EXERCISE INSTRUCTIONS » Nothing in the data is to be left out; copy it exactly.

[Records from a dataset]

====================

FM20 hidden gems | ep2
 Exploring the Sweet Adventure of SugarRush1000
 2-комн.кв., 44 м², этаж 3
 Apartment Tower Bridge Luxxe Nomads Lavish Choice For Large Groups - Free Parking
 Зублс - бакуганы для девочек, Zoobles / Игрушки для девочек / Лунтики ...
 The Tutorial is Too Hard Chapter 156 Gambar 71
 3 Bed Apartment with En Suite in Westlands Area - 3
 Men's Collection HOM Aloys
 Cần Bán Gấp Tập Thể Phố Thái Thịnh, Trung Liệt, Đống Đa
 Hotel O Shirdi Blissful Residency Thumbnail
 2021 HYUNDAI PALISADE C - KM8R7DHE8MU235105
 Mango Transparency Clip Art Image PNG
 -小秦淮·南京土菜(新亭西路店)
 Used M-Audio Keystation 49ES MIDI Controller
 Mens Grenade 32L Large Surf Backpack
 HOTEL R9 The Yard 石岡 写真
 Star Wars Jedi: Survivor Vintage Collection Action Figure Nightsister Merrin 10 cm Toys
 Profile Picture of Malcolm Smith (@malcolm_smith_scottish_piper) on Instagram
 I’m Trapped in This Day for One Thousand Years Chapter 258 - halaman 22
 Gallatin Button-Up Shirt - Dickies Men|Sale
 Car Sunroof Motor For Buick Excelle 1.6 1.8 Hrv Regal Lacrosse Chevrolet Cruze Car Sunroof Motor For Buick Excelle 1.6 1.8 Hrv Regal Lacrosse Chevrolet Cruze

====================

YOUR SOLUTION »
FM20 hidden gems | ep2
 Exploring the Sweet Adventure of SugarRush1000
 2-комн.кв., 44 м², этаж 3
 Apartment Tower Bridge Luxxe Nomads Lavish Choice For Large Groups - Free Parking
 Зублс - бакуганы для девочек, Zoobles / Игрушки для девочек / Лунтики ...
 The Tutorial is Too Hard Chapter 156 Gambar 71
 3 Bed Apartment with En Suite in Westlands Area - 3
 Men's Collection HOM Aloys
 Cần Bán Gấp Tập Thể Phố Thái Thịnh, Trung Liệt, Đống Đa
 Hotel O Shirdi Blissful Residency Thumbnail
 2021 HYUNDAI PALISADE C - KM8R7DHE8MU235105
 Mango Transparency Clip Art Image PNG
 -小秦淮·南京土菜(新亭西路店)
 Used M-Audio Keystation 49ES MIDI Controller
 Mens Grenade 32L Large Surf Backpack
 HOTEL R9 The Yard 石岡 写真
 Star Wars Jedi: Survivor Vintage Collection Action Figure Nightsister Merrin 10 cm Toys
 Profile Picture of Malcolm Smith (@malcolm_smith_scottish_piper) on Instagram
 I’m Trapped in This Day for One Thousand Years Chapter 258 - halaman 22
 Gallatin Button-Up Shirt - Dickies Men|Sale
 Car Sunroof Motor For Buick Excelle 1.6 1.8 Hrv Regal Lacrosse Chevrolet Cruze Car Sunroof Motor For Buick Excelle 1.6 1.8 Hrv Regal Lacrosse Chevrolet Cruze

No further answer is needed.